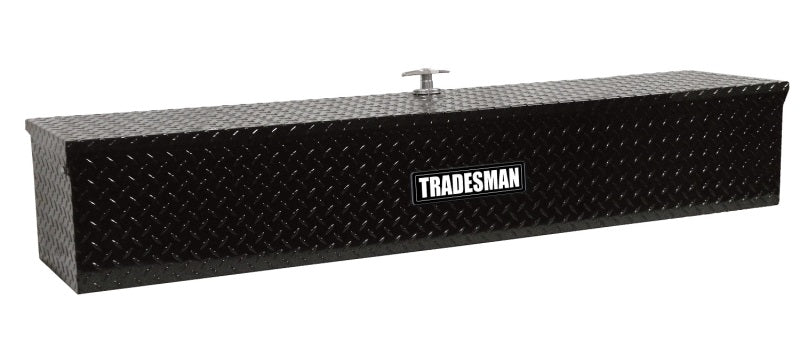 Load image into Gallery viewer, Tradesman Aluminum Flush Mount Truck Tool Box (48in.) - Black
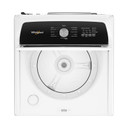 Whirlpool® 5.2 Cu. Ft. IEC Top Load Agitator Washer with Built-In Faucet WTW5025SW Whirlpool® 5.2 Cu. Ft. IEC Top Load Agitator Washer with Built-In Faucet WTW5025SW
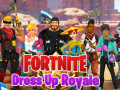                                                                     Fortnite Dress Up Royale ﺔﺒﻌﻟ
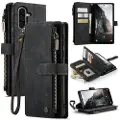 CASEME Samsung Galaxy A56 C30 Multifunksjonell Lommebok-deksel - Svart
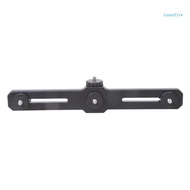 cozy Smartphone Tablet Mount Double Clip Tripod Adjustable Movable Crossbar Clip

________________________

• _TASK INSTRUCTIONS_: Please leave the images out and retype the rest of the material exactly.

• _OUTPUT FOR THIS EXERCISE_:
 Load image into Gallery viewer, Tradesman Aluminum Flush Mount Truck Tool Box (48in.) - Black
 Whirlpool® 5.2 Cu. Ft. IEC Top Load Agitator Washer with Built-In Faucet WTW5025SW Whirlpool® 5.2 Cu. Ft. IEC Top Load Agitator Washer with Built-In Faucet WTW5025SW
                                                                     Fortnite Dress Up Royale ﺔﺒﻌﻟ
 CASEME Samsung Galaxy A56 C30 Multifunksjonell Lommebok-deksel - Svart
 cozy Smartphone Tablet Mount Double Clip Tripod Adjustable Movable Crossbar Clip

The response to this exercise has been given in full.